*** Material for this exercise ***
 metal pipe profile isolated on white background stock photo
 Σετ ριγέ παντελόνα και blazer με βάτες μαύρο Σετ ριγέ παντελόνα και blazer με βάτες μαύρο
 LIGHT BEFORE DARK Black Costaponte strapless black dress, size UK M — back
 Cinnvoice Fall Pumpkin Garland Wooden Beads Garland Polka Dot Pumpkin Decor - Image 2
*** End of Material for this exercise ***
*** Material for this exercise ***
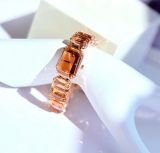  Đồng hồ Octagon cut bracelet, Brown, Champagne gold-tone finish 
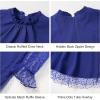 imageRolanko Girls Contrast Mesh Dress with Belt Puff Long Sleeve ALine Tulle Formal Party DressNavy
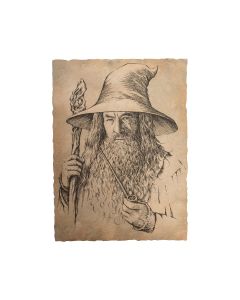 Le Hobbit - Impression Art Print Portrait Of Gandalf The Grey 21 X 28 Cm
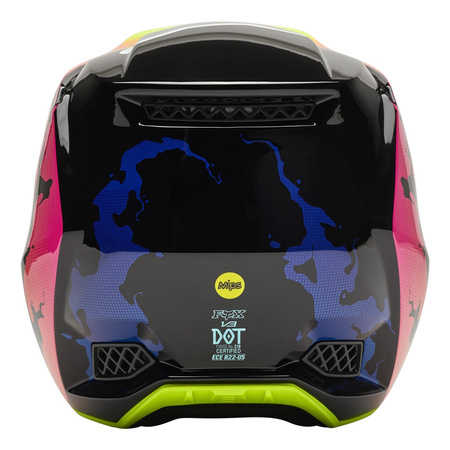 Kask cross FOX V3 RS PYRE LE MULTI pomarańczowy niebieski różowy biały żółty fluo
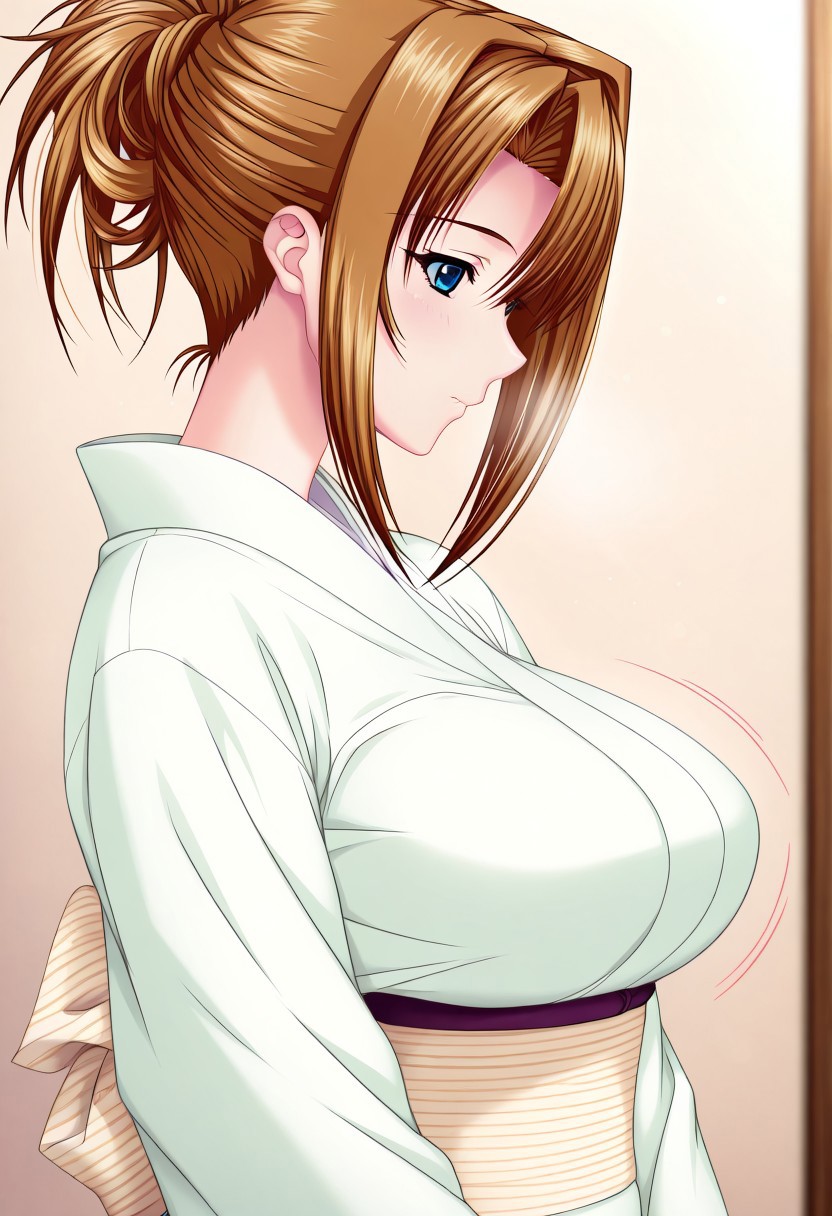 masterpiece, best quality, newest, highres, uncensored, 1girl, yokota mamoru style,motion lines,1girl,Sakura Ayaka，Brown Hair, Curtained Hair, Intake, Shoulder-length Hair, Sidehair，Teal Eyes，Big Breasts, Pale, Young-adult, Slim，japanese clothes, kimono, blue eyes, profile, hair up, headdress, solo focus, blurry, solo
*** End of Material for this exercise ***
◆ What you have to do
Skipping the pictures, print the lines in the listing above exactly as written, starting at the line with "Le Hobbit - Impression" and ending at the line with "focus, blurry, solo", both included.

◆ Answer below
 Le Hobbit - Impression Art Print Portrait Of Gandalf The Grey 21 X 28 Cm
 Kask cross FOX V3 RS PYRE LE MULTI pomarańczowy niebieski różowy biały żółty fluo
 masterpiece, best quality, newest, highres, uncensored, 1girl, yokota mamoru style,motion lines,1girl,Sakura Ayaka，Brown Hair, Curtained Hair, Intake, Shoulder-length Hair, Sidehair，Teal Eyes，Big Breasts, Pale, Young-adult, Slim，japanese clothes, kimono, blue eyes, profile, hair up, headdress, solo focus, blurry, solo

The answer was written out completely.